Could also consider the problem

\[ \text{minimize}_{A \in \mathbb{R}^{p \times k}, B \in \mathbb{R}^{p \times k}} \|X - XAB^T\|^2_F \]

Also a reduced rank problem whose solutions are projections onto a k-leading eigenspace of \((X^TX)\).
This one clearly isn’t a likelihood – \(X\) appears as response and design.

Maximal variance#

Minimizing first over \(A\), we see this is equivalent to solving this problem

\[ \text{minimize}_{P_k} \|X - XP_k\|^2_F \]

where \(P_k\) is a projection matrix of rank \(k\).

Equivalently, we solve (recall \(R_cX=X\))

\[ \text{minimize}_{P_k} \text{Tr}(X^TR_cX) - \text{Tr}(P_kX^TR_cXP_k) \]

This is the same as

\[ \text{maximize}_{P_k} \text{Tr}(P_kX^TR_cXP_k) \]

Rank \(k\) PCA captures \(k\) dimensional subspace of features that maximizes variance…

Population version#

The maximizing variance picture lends itself to a population version
Thinking of rows of \(X\) as IID with law \(F\), let \(\Sigma = \text{Var}_F(X[1,])\)

\[ \text{minimize}_{P_k} \text{Tr}(\Sigma) - \text{Tr}(P_k\Sigma P_k) \iff \text{maximize}_{P_k} \text{Tr}(P_k \Sigma P_k) \]
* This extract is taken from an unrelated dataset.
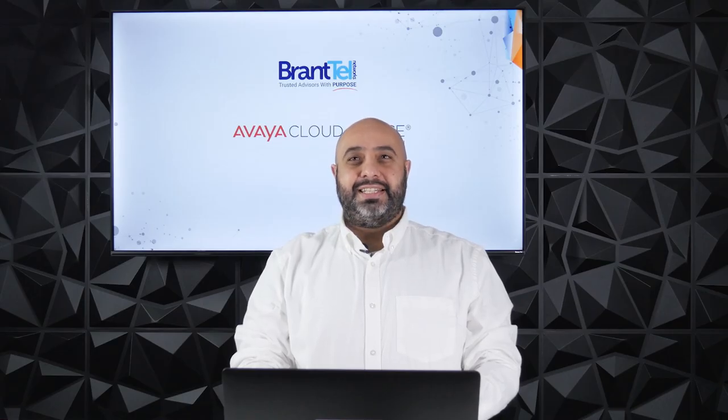Avaya Cloud Office is continually adding new enhancements to their already great collaboration platform. If you are looking for expert advice for any business phone system or collaboration tools, reach out to a Brantel trusted advisor to set up a quick meeting. Thank you so much for watching. Make sure to follow us on social media for the latest updates on Avaya Cloud Office.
Solution is to choose top \(k\) eigen-subspace of \(\Sigma\)…

PCA = SVD#

Given data matrix \(X \in \mathbb{R}^{n \times p}\) with rows \(X[i,] \overset{IID}{\sim} F\), the sample PCA can be described by the SVD of \(R_cX\)
As \(V\) can be thought as an estimate of \(\Gamma\) in an SVD of

\[ \text{Var}_F(X) \approx \Gamma \Lambda \Gamma^T \]
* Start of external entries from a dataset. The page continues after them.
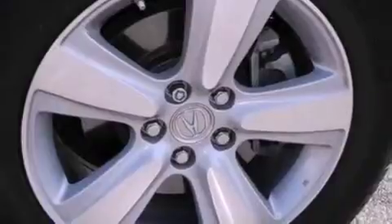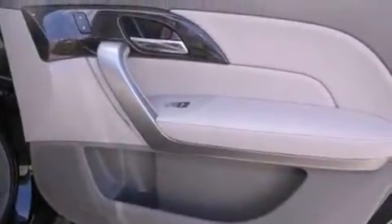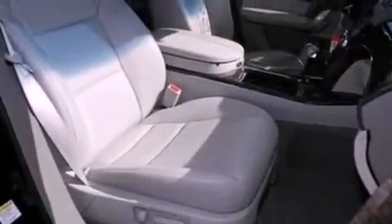The following features are also included: memory settings for the seat's positions so you can recall your favorite alignment with the push of one button, air conditioning with automatic climate control, a power rear liftgate, leather and alloy steering wheel trim, and a rear spoiler.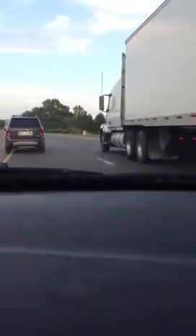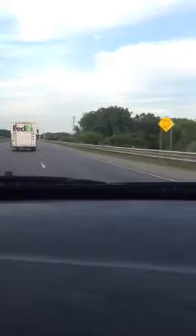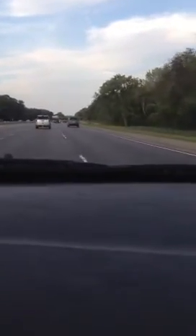Still keeping up with the trucks. We're going to hit it at the end of this turn. 100 miles an hour. Cruising at 90 miles an hour.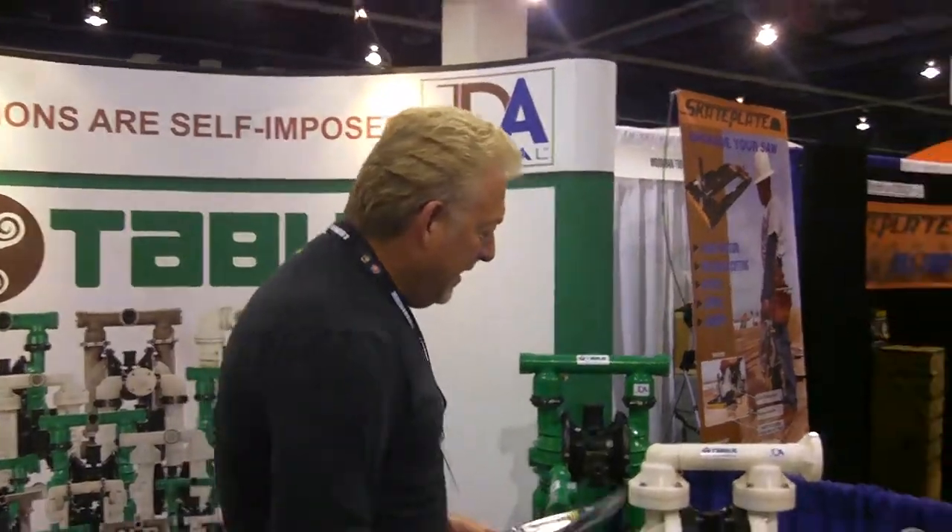All right, we have John Allen, President of JDA Global. Tell us about this new product. Good morning, Michelle. Yes,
we might write \(V = \widehat{\Gamma}\).

Columns of \(\widehat{\Gamma}\) are the loadings of the principal components while columns of \(UD = \hat{Z}\) are the (sample) principal components scores.

Scaling#

Common to scale columns of \(X\) to have standard deviation 1.
In this case, we are really computing the PCA of

\[ R_c X \text{diag}(S)^{-1} \]

Scalings are

\[ S^2_{i,i} = \frac{1}{n-1}X[,i]^TR_cX[,i] = {\tt sd(X[,i])}^2 \]

Synthetic example#

#| echo: true
n = 50
p = 10
X = matrix(rnorm(n*p), n, p)
R_c = diag(rep(1, n)) - matrix(1, n, n) / n
SVD_X = svd(R_c %*% X)
Z = SVD_X$u %*% diag(SVD_X$d)
Gamma_hat = SVD_X$v
pca_X = prcomp(X, center=TRUE, scale.=FALSE)
names(pca_X)

'sdev'
'rotation'
'center'
'scale'
'x'

Screeplot: is there an elbow?#

plot(pca_X) # Screeplot
c(varZ2=var(Z[,2]))

varZ2: 1.38470878741862

../_images/e00a77d5d3e4e52933ed6d35a55d42a37b1d4b116fadb16df3034347bbe3f29b.png

Check loadings#

summary(lm(Gamma_hat[,1] ~ pca_X$rotation[,1]))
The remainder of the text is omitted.